What is being asked – The response should repeat word for word every line below from the one with "Oyo Hotel Las" to the one with "Balcony/Terrace, Seating area", inclusive, and nothing else; leave pictures out.

Extracted data –
☆ ☆ ☆ ☆ ☆

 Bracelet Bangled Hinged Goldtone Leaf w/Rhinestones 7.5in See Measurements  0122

☆ ☆ ☆ ☆ ☆

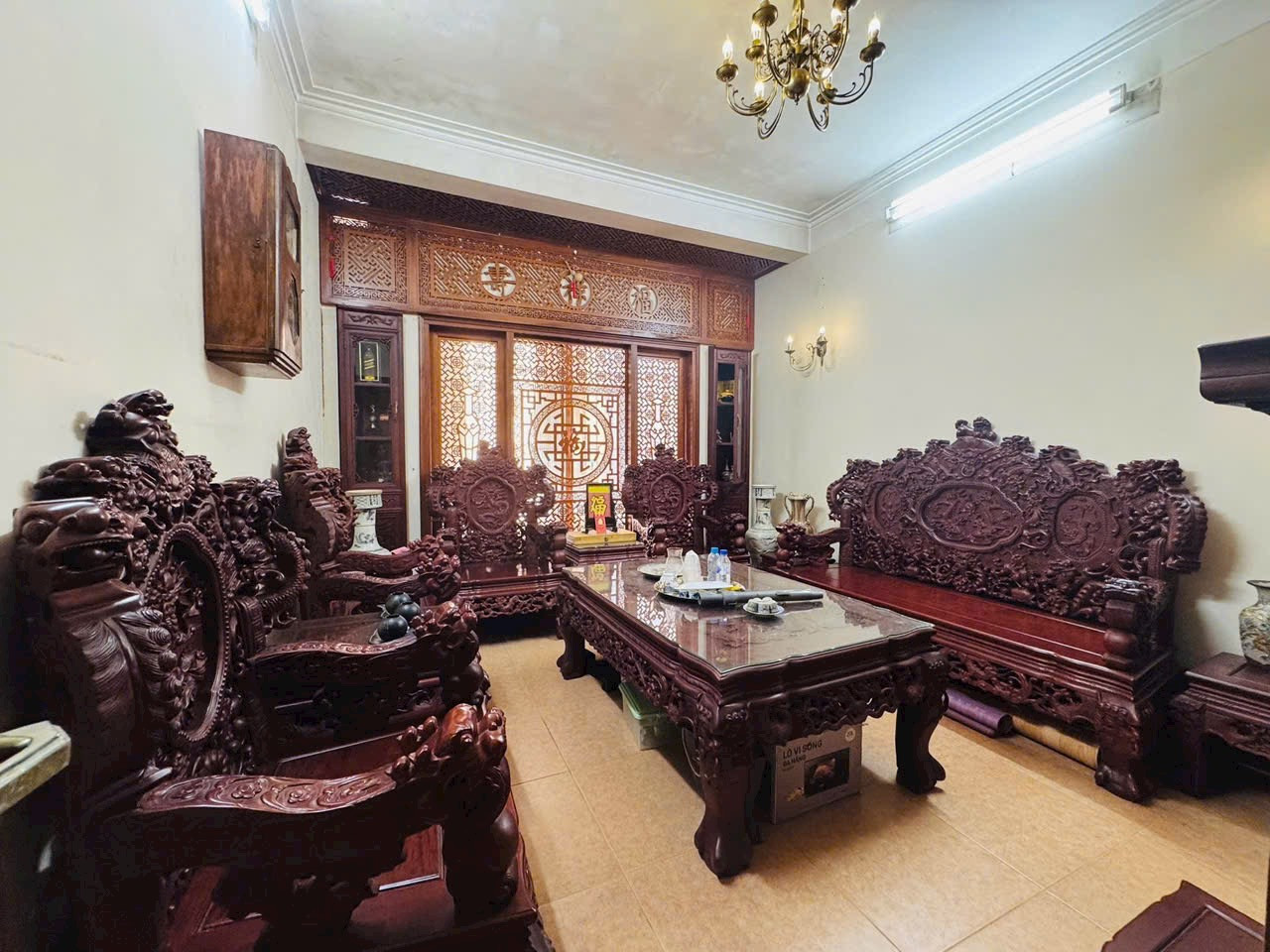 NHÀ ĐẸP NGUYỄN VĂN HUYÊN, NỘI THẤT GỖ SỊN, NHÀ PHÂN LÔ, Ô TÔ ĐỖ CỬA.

☆ ☆ ☆ ☆ ☆

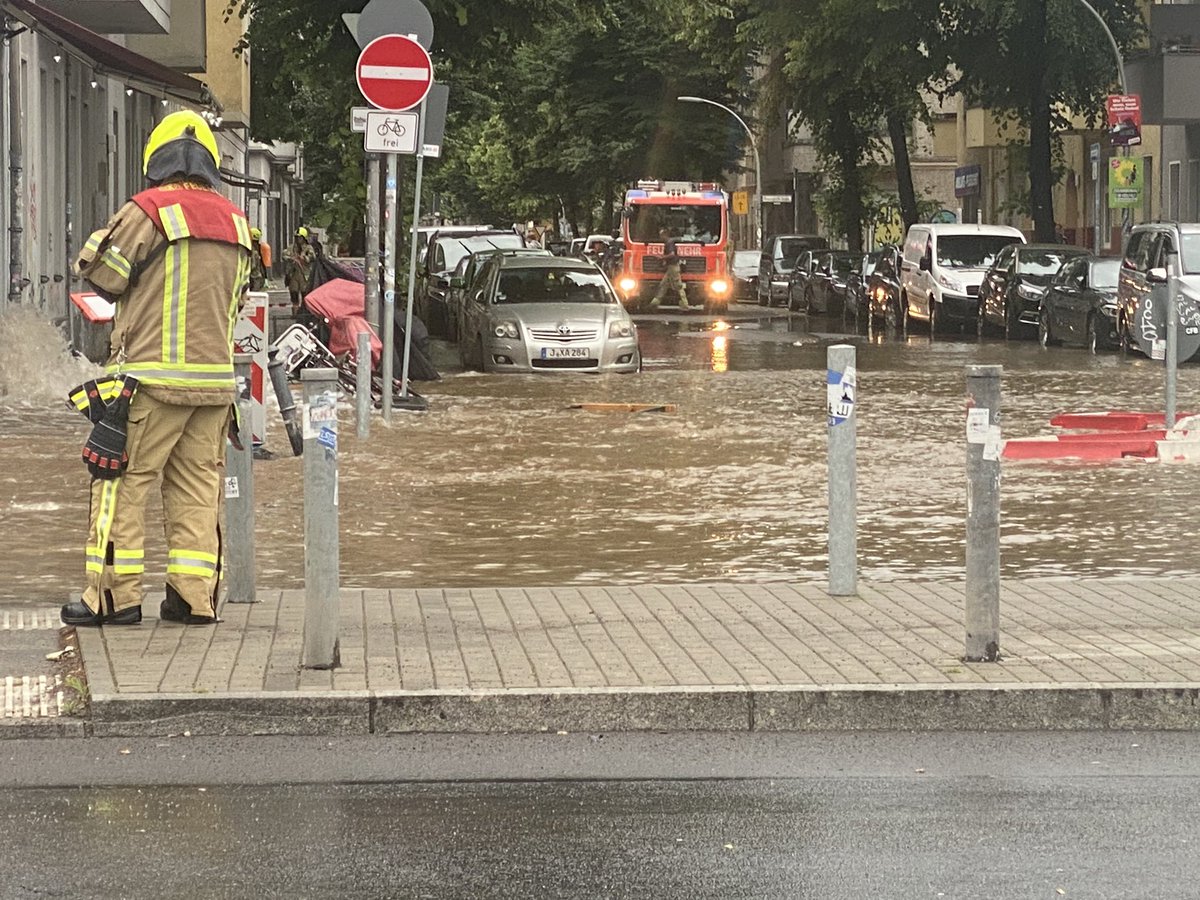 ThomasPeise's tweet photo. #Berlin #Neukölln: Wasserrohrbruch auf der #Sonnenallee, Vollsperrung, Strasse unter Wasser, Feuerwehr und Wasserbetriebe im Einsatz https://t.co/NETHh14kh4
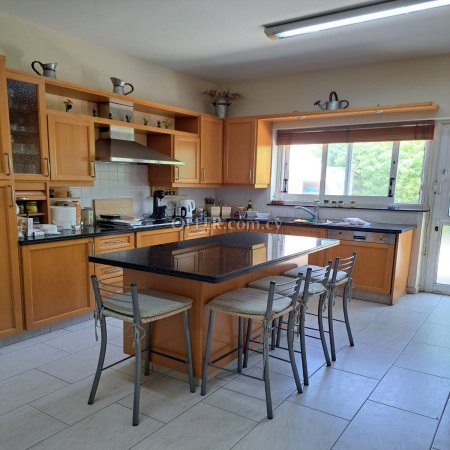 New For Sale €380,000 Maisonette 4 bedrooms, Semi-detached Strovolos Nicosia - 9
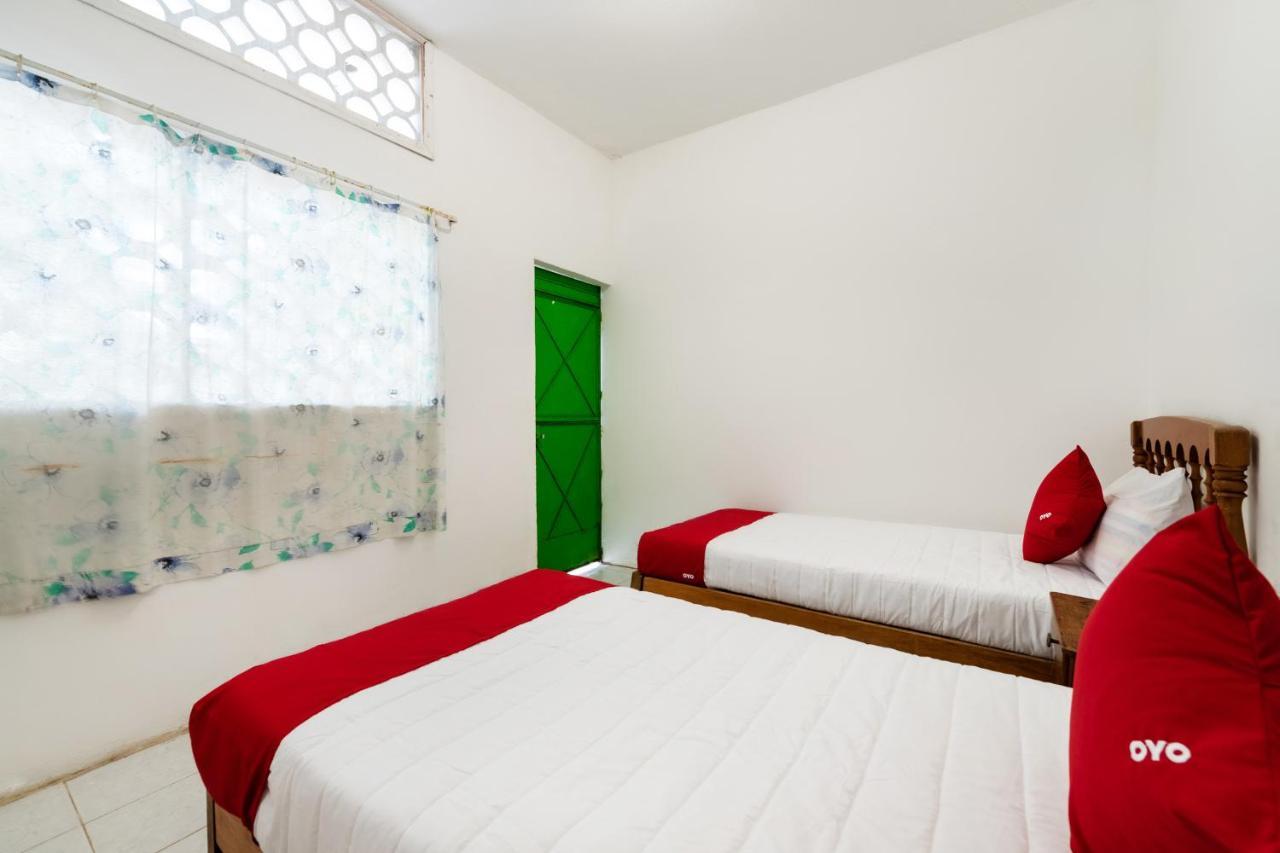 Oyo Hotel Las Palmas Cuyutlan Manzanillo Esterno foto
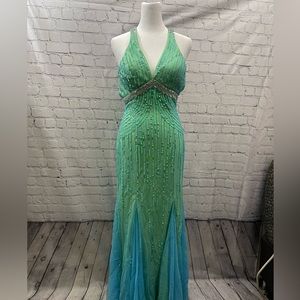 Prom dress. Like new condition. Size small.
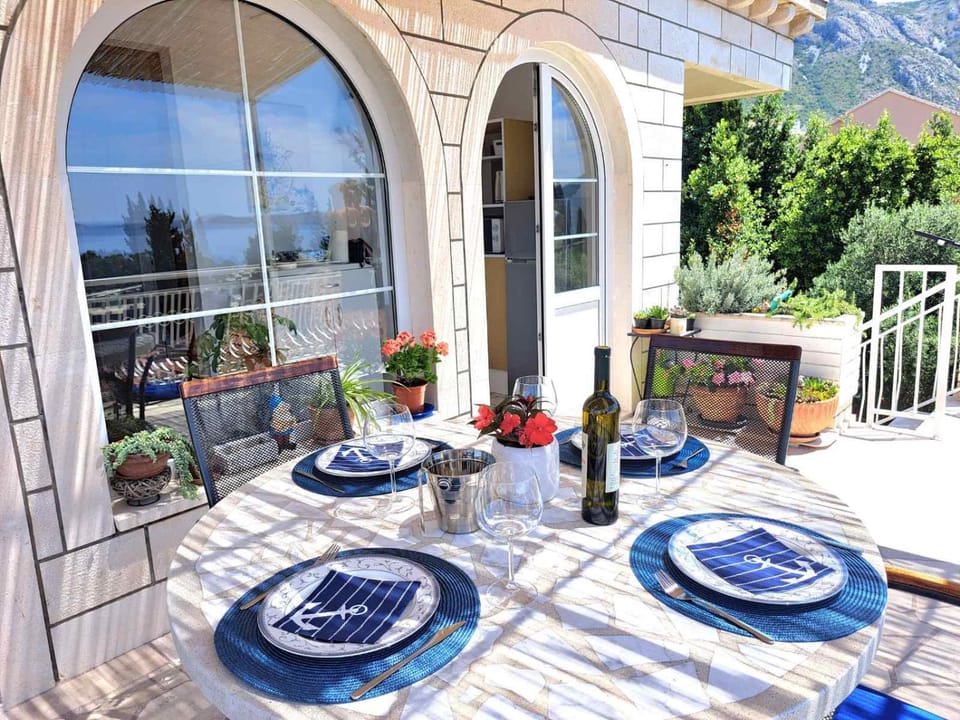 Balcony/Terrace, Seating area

☆ ☆ ☆ ☆ ☆

Reply –
 Oyo Hotel Las Palmas Cuyutlan Manzanillo Esterno foto
 Prom dress. Like new condition. Size small.
 Balcony/Terrace, Seating area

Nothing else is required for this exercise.